### [Exercise]
Take the entries that follow and return exactly the lines from the one holding "CUE2026 in Rotterdam Ahoy CUE2026" through the one holding "GLOBO 67284-24 BOSSY", both included. Nothing else is needed.

** Opening Data for review block **

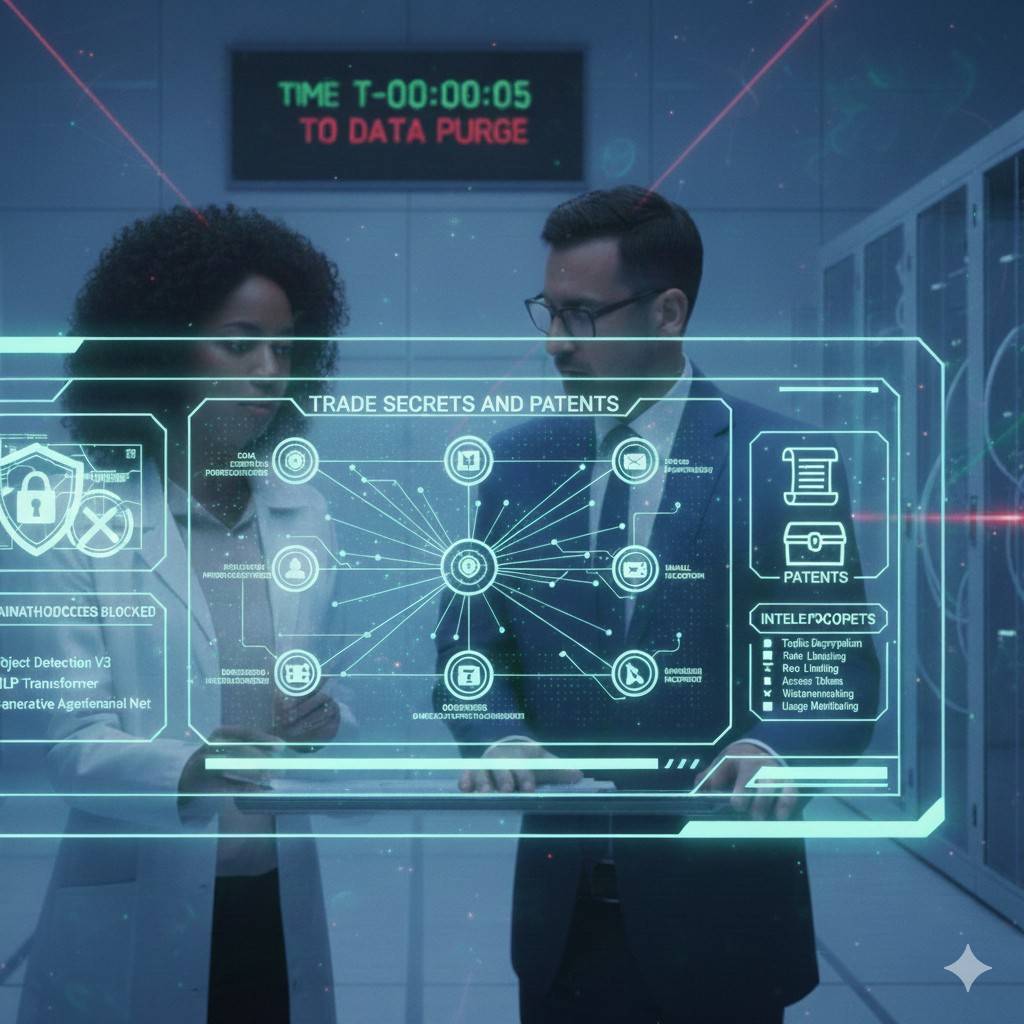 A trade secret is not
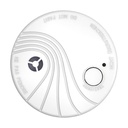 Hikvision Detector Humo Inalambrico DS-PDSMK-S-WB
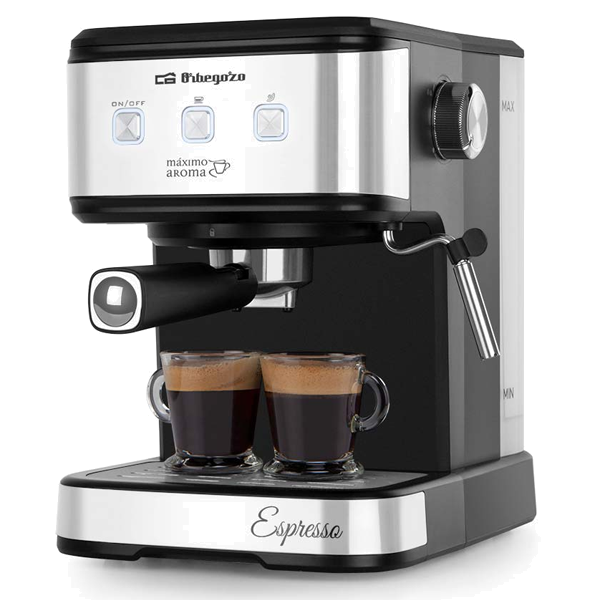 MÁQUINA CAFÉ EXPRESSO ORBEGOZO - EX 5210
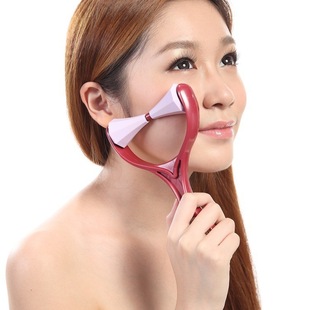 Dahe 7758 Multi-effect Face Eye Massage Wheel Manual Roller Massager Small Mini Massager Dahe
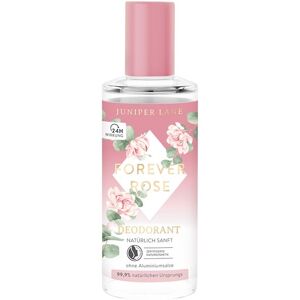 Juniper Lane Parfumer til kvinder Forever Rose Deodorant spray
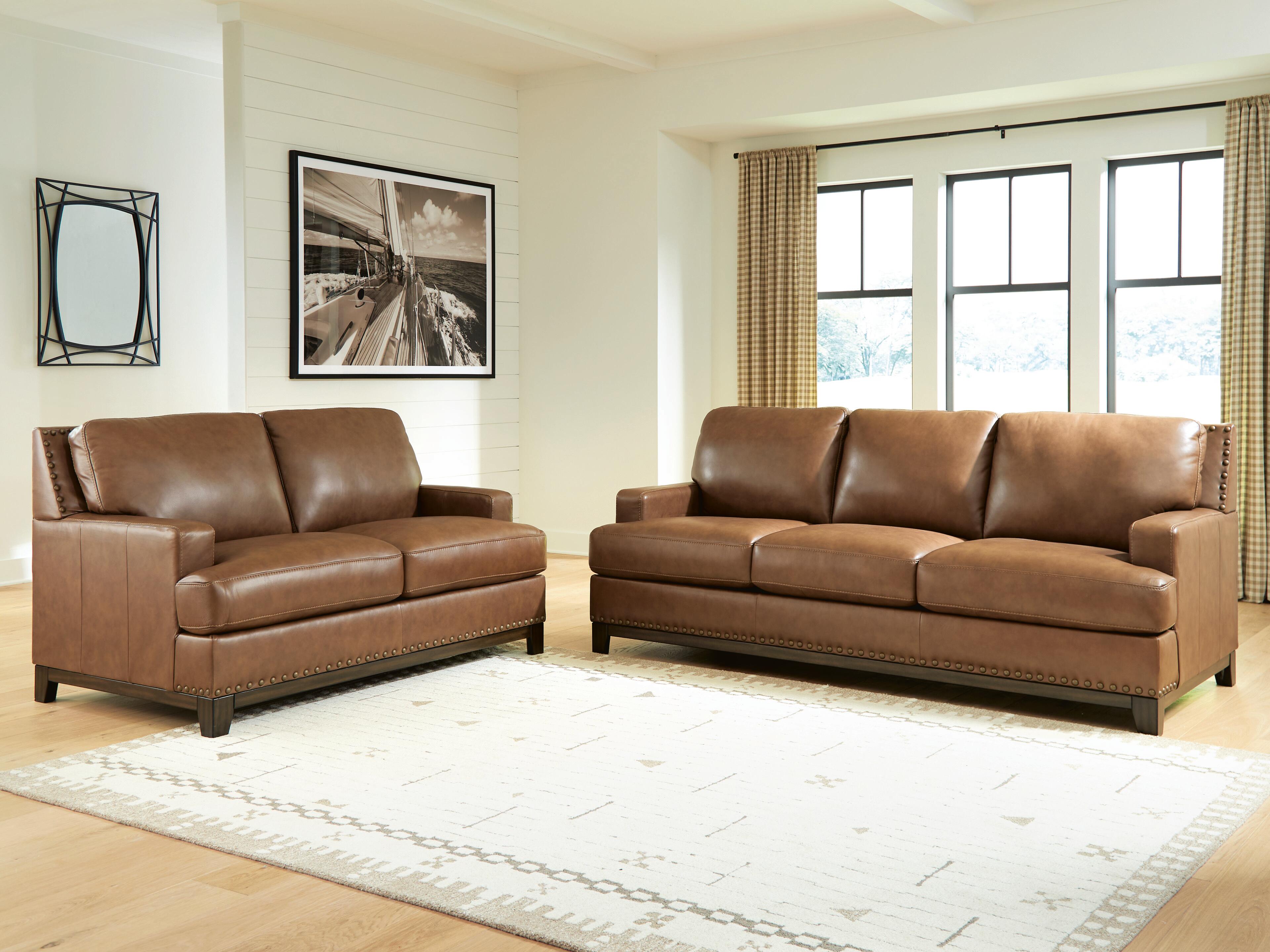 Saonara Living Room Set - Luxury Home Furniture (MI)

** Closing Data for review block **
** Opening Data for review block **

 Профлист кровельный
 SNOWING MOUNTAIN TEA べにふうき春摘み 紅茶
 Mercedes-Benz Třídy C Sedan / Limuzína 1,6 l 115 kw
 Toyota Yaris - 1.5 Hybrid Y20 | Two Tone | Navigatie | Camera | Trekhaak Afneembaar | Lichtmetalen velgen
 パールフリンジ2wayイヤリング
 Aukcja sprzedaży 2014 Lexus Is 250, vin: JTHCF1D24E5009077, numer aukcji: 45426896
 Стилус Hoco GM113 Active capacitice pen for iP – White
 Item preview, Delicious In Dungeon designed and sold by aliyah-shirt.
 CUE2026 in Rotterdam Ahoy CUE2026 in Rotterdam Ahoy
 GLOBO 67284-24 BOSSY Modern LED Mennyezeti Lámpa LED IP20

** Closing Data for review block **

### [Exercise response]
 CUE2026 in Rotterdam Ahoy CUE2026 in Rotterdam Ahoy
 GLOBO 67284-24 BOSSY Modern LED Mennyezeti Lámpa LED IP20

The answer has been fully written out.